### Dataset section
+++

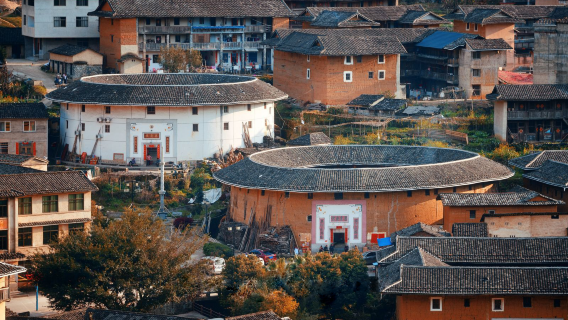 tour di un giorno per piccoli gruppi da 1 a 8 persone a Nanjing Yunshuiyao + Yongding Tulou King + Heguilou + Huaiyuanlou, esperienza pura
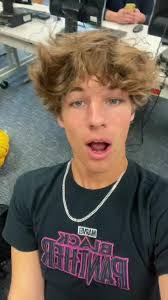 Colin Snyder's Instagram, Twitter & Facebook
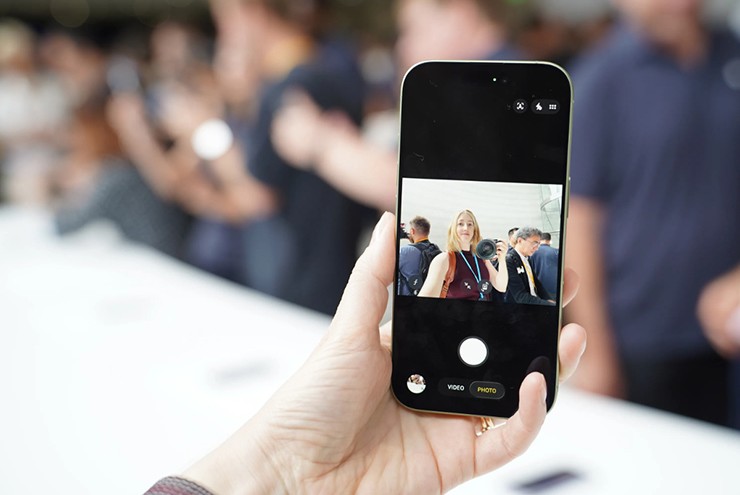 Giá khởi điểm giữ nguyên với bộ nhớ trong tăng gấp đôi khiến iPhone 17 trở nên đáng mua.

+++

Could you return, word for word, every line from the line with "Colin Snyder's Instagram, Twitter & Facebook" through the last line of the listing above, both ends included, without any pictures?

 Colin Snyder's Instagram, Twitter & Facebook
 Giá khởi điểm giữ nguyên với bộ nhớ trong tăng gấp đôi khiến iPhone 17 trở nên đáng mua.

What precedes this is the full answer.